Com acordo estagnado, EUA ameaçam retomar guerra com o Irã
Os Estados Unidos afirmaram neste sábado, 30, que têm capacidade militar para retomar o conflito contra o Irã caso as negociações em curso não resultem em um acordo considerado aceitável por Washington.
A declaração amplia a pressão sobre Teerã em meio ao impasse nas conversas indiretas para transformar o atual cessar-fogo em um pacto mais duradouro.
O secretário de Defesa americano, Pete Hegseth, disse durante o Diálogo Shangri-La, principal fórum de segurança da Ásia, que os Estados Unidos são “mais do que capazes” de voltar à guerra “se for necessário”.
Segundo ele, os estoques militares americanos são suficientes para sustentar uma eventual retomada das operações, tanto no Oriente Médio quanto em outras regiões.
Possível retomada na Guerra do Irã?
A fala ocorre em um momento de tensão crescente entre Washington e Teerã. As duas partes negociam há semanas uma saída para o conflito, mas as conversas seguem travadas por divergências sobre o programa nuclear iraniano, a circulação no Estreito de Ormuz e as condições para a prorrogação do cessar-fogo.

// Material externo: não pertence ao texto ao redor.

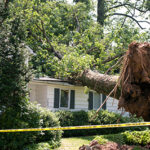 Emergency tree service is needed from tree companies in Smithville for this home that has a tree fallen onto the roof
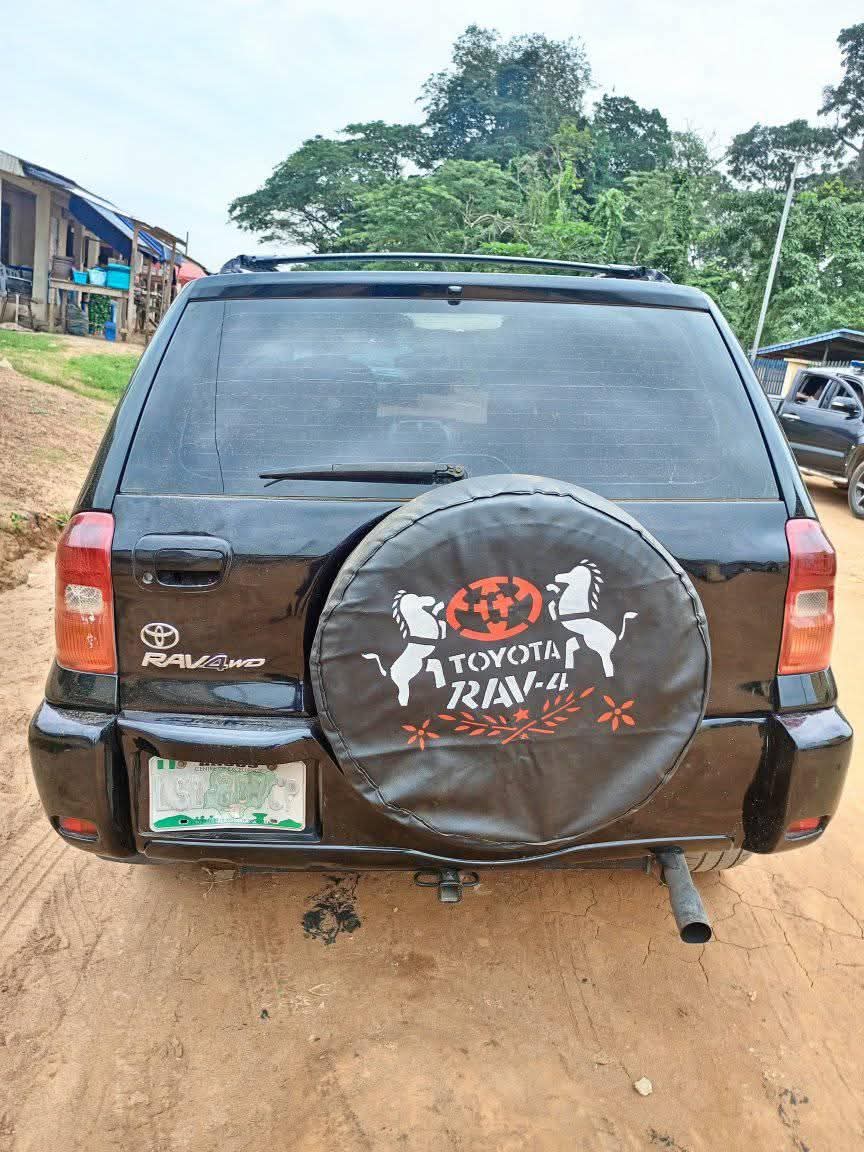 A picture of 2003 Toyota rav4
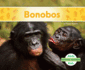 Bonobos (Animal Friends)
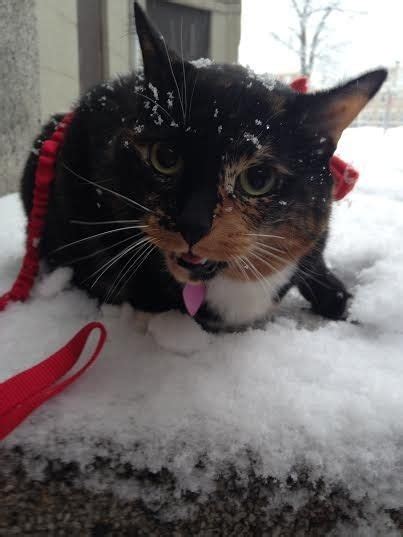 17 Pets Who Just Had The Cutest Snow Day Ever Pup Pets Cute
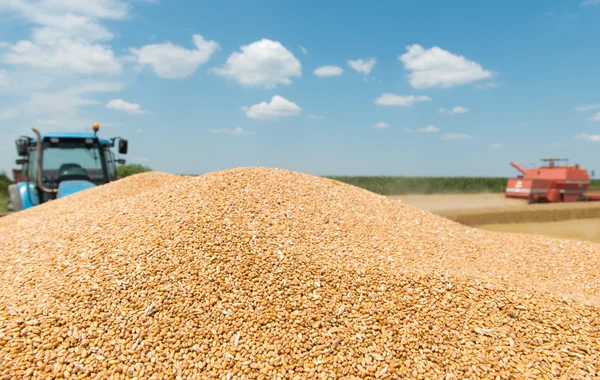 Trigo de grano de montón — Foto de Stock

Na quinta-feira, fontes em Washington indicaram que as partes discutiam um acordo para estender a trégua por mais 60 dias. O entendimento, porém, ainda não foi anunciado oficialmente. Uma reunião de cerca de duas horas realizada na sexta-feira na Casa Branca terminou sem comunicado imediato.
O presidente americano Donald Trump endureceu o tom na véspera ao afirmar que o Irã deve aceitar que “nunca terá armas nucleares”. Em publicação na Truth Social, sua rede social, ele também exigiu que as reservas iranianas de urânio altamente enriquecido sejam destruídas.
Os Estados Unidos e Israel acusam o Irã de tentar desenvolver armamento nuclear, acusação negada pelo governo iraniano. Teerã sustenta que seu programa tem fins pacíficos e defende que a questão nuclear seja tratada apenas depois da assinatura do protocolo de acordo atualmente em discussão.
Impasse sobre o Estreito de Ormuz
Outro ponto central do impasse é o Estreito de Ormuz, uma das rotas marítimas mais importantes para o comércio global de petróleo e gás.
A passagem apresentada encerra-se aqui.